The California Drought: There’s an App For That

Startups are emerging with water-saving ideas that go far beyond “paint your lawn green” (though entrepreneurs offer that service, too)

2 min read

The California Drought: There’s an App For That
A yard in San Francisco falls victim to the California drought; an artificial lawn next to it looks just fine.
Photo: Justin Sullivan/Getty Images

The California drought has taken over from real estate prices and traffic as the go-to topic of casual conversation in Silicon Valley. We’re jokingly proud of our proud of our brown lawns or apologizing for our green ones. We’re introducing our ice bucket challenge videos by explaining that we’re using pool water, reycled water, or positioning the bucket to hit a wilting plant when it's dumped. We’re asking each other if artificial turf really smells bad when it gets hot.

 

Photo: Dropcountr

But behind the scenes some people aren’t just talking about the drought—they’re figuring out how to solve the problems it’s causing. And while some of these solutions are decidely low tech, like a company that’s offering to paint brown grass green, the first of what is likely to be a wave of high-tech drought busters are emerging.

While I’m guessing a host of new drought-inspired companies are likely still in stealth mode, some who were already working in water conservation technology, like Watersmart Software, are getting new attention. And some existing technologies are being repurposed to focus on the drought, for example, vizSafe, an app designed to post localized alerts allowing people to warn their neighbors about crime, flooding, fire, missing persons, and traffic, is being used for “drought shaming,” calling out water wasters.
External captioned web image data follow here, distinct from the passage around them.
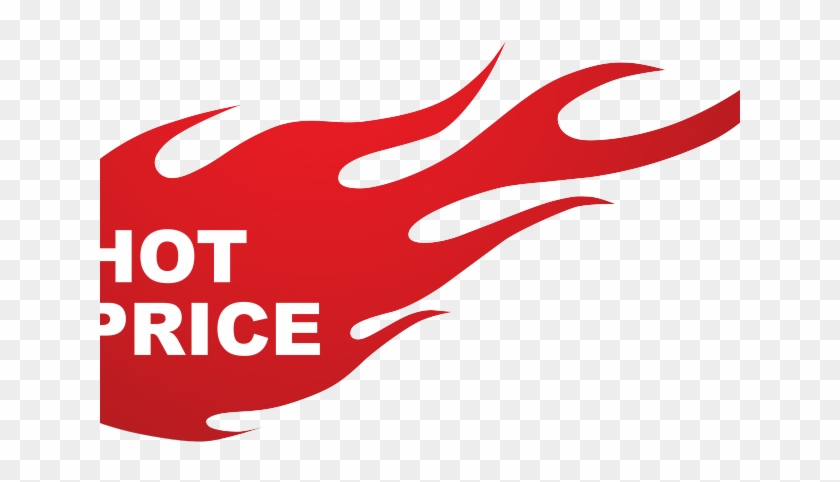 Sale Clipart Deal - Hot Sale Icon Png #1590903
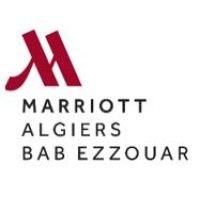 algiers marriott  hotels bab ezzouar logo image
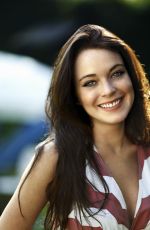 LINDSAY LOHAN - Venice Film Festival Photoshoot 2006 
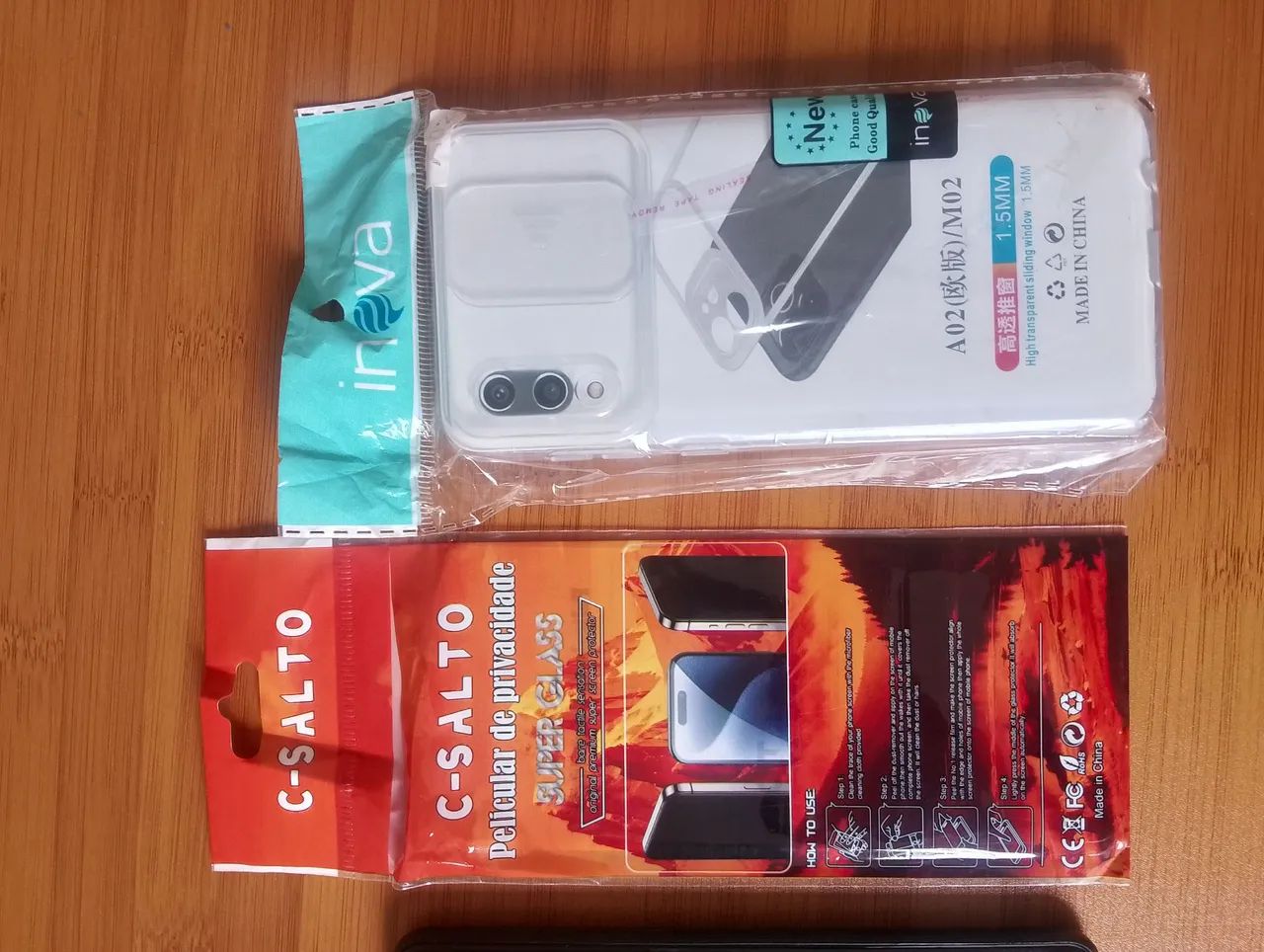 Samsung A 02  - Foto 2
Quick-to-build apps are leading the wave of drought technology. There’s H2O Tracker to allow people to analyze their own water usage, Captain Plop to teach water conservation to children, Dropcountr for setting and managing a home water budget, and Waterprint, a kind of calorie counter for water usage (including not just what you’re using, but what was used upstream to produce an apple, say, or two eggs). And during Tuesday’s Apple event, when Apple CEO Tim Cook gave a nod to hot new apps, one clearly was designed for household water conservation (though flashed across the screen too fast for me to get the details.)

Photo: H2O Tracker

Gadgets are coming next. On Kickstarter, Luka is proposing a gizmo, shipping in December, that adds a pause button to a shower head. That’s a pretty dumb device; no doubt a more sophisticated version that can tell when I’ve stepped away from the stream of water is under development somewhere. Several companies are trying to jump into smart irrigation Hydros, a smart irrigation controller that combines sensor data with web-based information about weather, didn’t hit its funding goal on Kickstarter this summer, but Eve Ecosystem, another smart irrigation system, is about halfway to its funding goal and plans to ship in March 2015. All the smart irrigation controllers I’ve seen so far, however, have yet to automatically integrate with local watering restriction calendars. So there’s room for a more clever system.